• _About this exercise_
Could the data below be copied exactly, minus the pictures?

• _Data_
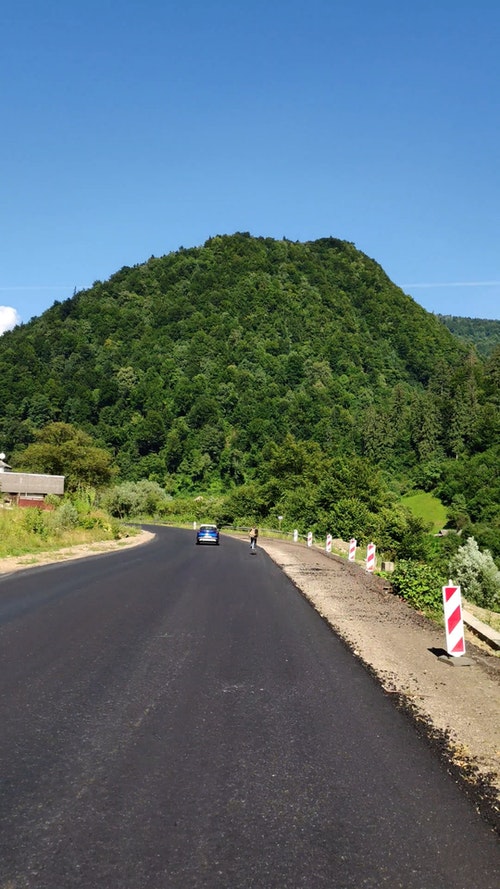 有关单车骑士,山丘,建造的免费素材视频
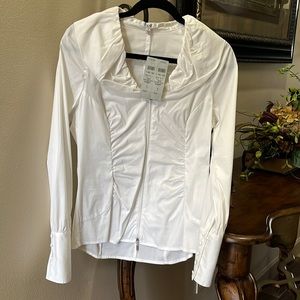 Women’s white sip up blouse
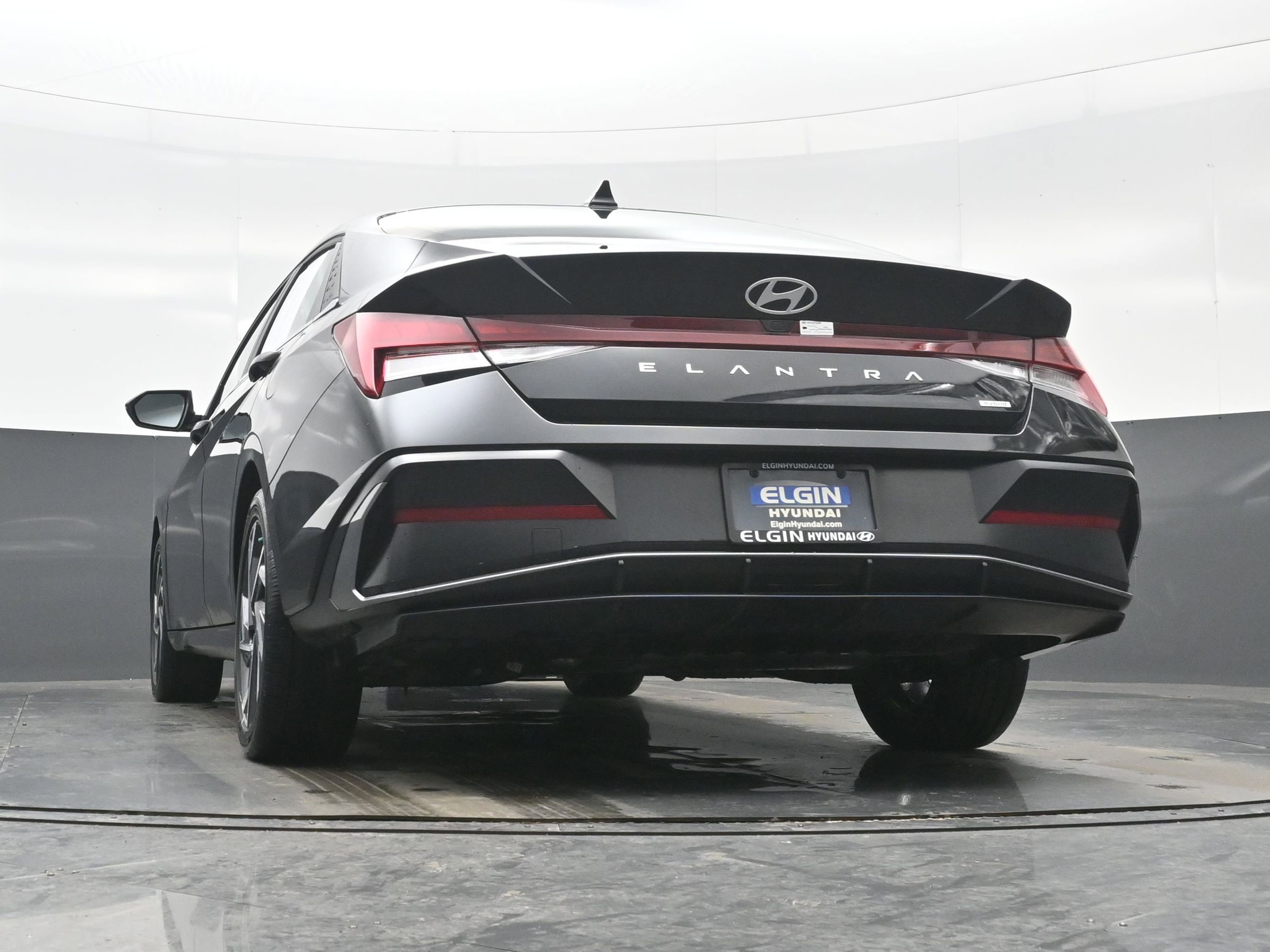 Certified 2025 Hyundai Elantra Limited image 29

• _Task output_
 有关单车骑士,山丘,建造的免费素材视频
 Women’s white sip up blouse
 Certified 2025 Hyundai Elantra Limited image 29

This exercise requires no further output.